# Requirement:
Only the lines from the one with "Main Photo of" to the end of the data below should be returned, each exactly as it stands.

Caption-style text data

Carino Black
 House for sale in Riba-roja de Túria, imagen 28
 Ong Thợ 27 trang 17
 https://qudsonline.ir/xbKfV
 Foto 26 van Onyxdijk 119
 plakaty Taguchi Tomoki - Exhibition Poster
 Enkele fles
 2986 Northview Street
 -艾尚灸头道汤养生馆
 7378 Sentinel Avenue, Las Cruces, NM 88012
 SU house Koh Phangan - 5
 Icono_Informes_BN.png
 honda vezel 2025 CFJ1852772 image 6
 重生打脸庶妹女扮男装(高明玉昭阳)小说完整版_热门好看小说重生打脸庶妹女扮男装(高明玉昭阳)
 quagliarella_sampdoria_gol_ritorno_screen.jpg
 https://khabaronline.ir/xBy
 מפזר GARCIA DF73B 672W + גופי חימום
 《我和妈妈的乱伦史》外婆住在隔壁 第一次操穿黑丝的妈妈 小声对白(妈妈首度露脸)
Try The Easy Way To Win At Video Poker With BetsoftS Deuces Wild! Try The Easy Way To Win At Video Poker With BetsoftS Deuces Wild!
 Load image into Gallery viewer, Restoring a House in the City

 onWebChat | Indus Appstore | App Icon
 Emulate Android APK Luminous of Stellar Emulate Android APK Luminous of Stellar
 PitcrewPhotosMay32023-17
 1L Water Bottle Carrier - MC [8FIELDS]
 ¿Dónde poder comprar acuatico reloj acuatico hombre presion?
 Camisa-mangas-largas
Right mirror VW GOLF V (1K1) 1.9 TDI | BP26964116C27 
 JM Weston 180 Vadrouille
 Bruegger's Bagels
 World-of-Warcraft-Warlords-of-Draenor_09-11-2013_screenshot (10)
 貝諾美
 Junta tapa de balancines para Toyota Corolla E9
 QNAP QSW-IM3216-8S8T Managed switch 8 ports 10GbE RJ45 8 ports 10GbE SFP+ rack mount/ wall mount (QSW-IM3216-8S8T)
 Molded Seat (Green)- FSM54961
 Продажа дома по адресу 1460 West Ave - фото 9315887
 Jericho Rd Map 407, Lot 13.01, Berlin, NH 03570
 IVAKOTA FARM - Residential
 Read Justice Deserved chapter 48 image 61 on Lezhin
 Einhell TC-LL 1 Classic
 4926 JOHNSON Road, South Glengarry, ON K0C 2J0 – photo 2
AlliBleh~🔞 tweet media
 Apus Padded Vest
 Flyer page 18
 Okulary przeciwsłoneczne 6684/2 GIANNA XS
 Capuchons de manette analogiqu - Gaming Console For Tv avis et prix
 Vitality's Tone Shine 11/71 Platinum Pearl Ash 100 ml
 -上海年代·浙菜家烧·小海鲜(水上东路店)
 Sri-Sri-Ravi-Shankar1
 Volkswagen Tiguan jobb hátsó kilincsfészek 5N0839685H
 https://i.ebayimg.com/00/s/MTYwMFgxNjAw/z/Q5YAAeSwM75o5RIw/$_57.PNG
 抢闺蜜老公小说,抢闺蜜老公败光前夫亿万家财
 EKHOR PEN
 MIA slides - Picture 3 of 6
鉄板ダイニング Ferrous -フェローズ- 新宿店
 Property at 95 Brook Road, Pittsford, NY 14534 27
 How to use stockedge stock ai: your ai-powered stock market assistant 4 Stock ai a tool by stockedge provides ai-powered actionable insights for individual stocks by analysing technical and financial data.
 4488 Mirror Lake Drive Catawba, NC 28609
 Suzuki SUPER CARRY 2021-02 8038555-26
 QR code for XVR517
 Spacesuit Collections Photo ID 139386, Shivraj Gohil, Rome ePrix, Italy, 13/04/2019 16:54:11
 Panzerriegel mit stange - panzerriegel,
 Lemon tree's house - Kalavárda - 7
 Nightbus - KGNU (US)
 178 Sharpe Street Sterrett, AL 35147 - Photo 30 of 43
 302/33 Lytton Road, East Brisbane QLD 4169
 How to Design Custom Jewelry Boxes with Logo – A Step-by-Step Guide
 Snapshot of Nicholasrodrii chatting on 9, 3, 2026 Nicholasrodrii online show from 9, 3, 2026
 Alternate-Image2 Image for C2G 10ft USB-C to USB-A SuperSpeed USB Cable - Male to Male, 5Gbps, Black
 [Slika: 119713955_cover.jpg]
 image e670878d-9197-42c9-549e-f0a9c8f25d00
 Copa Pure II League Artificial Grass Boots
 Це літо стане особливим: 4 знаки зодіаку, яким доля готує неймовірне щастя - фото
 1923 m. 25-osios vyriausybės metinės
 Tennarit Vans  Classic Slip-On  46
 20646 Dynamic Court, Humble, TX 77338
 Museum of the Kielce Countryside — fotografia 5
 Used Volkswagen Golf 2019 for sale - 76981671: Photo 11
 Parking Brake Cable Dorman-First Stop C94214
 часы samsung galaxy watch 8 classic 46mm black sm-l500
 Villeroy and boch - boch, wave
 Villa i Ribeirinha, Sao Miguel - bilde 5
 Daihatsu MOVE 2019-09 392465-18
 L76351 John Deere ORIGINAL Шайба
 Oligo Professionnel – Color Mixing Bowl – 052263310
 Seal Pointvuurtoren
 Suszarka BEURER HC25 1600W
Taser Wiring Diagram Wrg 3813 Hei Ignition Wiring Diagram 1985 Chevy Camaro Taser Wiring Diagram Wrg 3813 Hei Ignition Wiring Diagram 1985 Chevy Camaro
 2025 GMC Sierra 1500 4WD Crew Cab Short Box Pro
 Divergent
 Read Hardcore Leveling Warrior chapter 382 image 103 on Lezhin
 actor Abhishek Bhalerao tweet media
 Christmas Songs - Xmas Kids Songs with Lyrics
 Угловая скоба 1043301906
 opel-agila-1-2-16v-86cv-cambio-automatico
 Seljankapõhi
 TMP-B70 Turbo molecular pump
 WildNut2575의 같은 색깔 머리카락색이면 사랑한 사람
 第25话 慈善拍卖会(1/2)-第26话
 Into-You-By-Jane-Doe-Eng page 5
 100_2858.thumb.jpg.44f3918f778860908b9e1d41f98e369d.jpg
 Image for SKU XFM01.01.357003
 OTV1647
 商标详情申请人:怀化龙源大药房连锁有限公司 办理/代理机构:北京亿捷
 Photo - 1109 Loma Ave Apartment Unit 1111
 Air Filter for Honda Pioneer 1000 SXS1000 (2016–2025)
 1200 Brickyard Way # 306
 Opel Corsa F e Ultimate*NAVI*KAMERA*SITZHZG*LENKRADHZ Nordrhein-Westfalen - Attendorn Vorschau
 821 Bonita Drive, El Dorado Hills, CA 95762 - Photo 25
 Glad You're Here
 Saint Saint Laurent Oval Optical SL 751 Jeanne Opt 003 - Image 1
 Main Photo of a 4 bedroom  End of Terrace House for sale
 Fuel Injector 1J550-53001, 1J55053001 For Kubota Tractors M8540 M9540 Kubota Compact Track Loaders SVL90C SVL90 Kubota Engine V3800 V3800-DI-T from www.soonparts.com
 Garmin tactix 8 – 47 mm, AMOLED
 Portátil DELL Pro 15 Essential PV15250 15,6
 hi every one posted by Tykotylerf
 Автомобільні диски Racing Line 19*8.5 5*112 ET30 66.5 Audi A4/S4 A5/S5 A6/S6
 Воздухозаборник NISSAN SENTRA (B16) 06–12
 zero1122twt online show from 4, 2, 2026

# Response box:
 Main Photo of a 4 bedroom  End of Terrace House for sale
 Fuel Injector 1J550-53001, 1J55053001 For Kubota Tractors M8540 M9540 Kubota Compact Track Loaders SVL90C SVL90 Kubota Engine V3800 V3800-DI-T from www.soonparts.com
 Garmin tactix 8 – 47 mm, AMOLED
 Portátil DELL Pro 15 Essential PV15250 15,6
 hi every one posted by Tykotylerf
 Автомобільні диски Racing Line 19*8.5 5*112 ET30 66.5 Audi A4/S4 A5/S5 A6/S6
 Воздухозаборник NISSAN SENTRA (B16) 06–12
 zero1122twt online show from 4, 2, 2026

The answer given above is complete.